Proust et le téléphone par Romain Villet
Que fait Marcel Proust à Fontainebleau en octobre 1896 ? Il téléphone ! À qui ? À sa mère bien sûr ! La conversation terminée, il en tire un « petit récit » à peine romancé qu’il joint à une lettre à sa mère, « petit récit que je te demande de garder et en sachant où tu le gardes car il sera dans mon roman ». À la recherche du temps perdu ne commencera à paraître qu’une quinzaine d’années plus tard mais le jeune Proust ne doute pas que l’expérience téléphonique qu’il vient de vivre alimentera son œuvre future.
Très sensible aux voix, passionné par les conversations, il est fasciné par le téléphone. Les évocations directes ou métaphoriques de ce qu’il appelait les « téléphonages » pullulent sous sa plume et leur étude fournit de précieux renseignements sur le travail de l’artiste.

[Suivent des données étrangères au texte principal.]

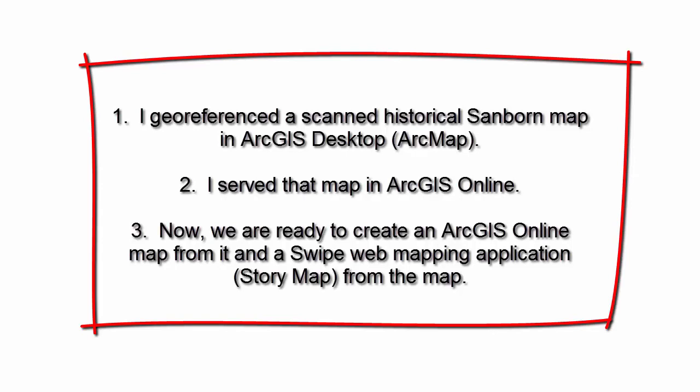I geo-referenced a scanned historical Sanborn map in ArcGIS Desktop or ArcMap. Then I served that map in ArcGIS Online.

En rendant possible le miracle d’une conversation entre deux interlocuteurs que la distance empêche de se voir, l’invention d’Alexander Graham Bell instaure un nouveau type de relations à l’observation desquelles Proust s’emploiera avec la minutieuse sagacité que nous lui connaissons.
Dans une certaine mesure, le téléphone est à l’éloignement dans l’espace ce que la petite Madeleine est à l’éloignement dans le temps : un moyen de rendre présent ce qui n’est pas ou plus là.
Suivre le fil du téléphone non seulement dans l’œuvre mais également dans la correspondance, c’est tirer le portrait d’un écrivain qui, loin d’être seulement le peintre de la fin d’une époque peuplée de ducs et de duchesses, est aussi le témoin attentif de l’avènement du monde moderne. Mais c’est surtout une façon originale d’entrer en contact ou de poursuivre la conversation avec un génie dont la voix, toujours présente, n’en finit pas de nous toucher et de nous parler.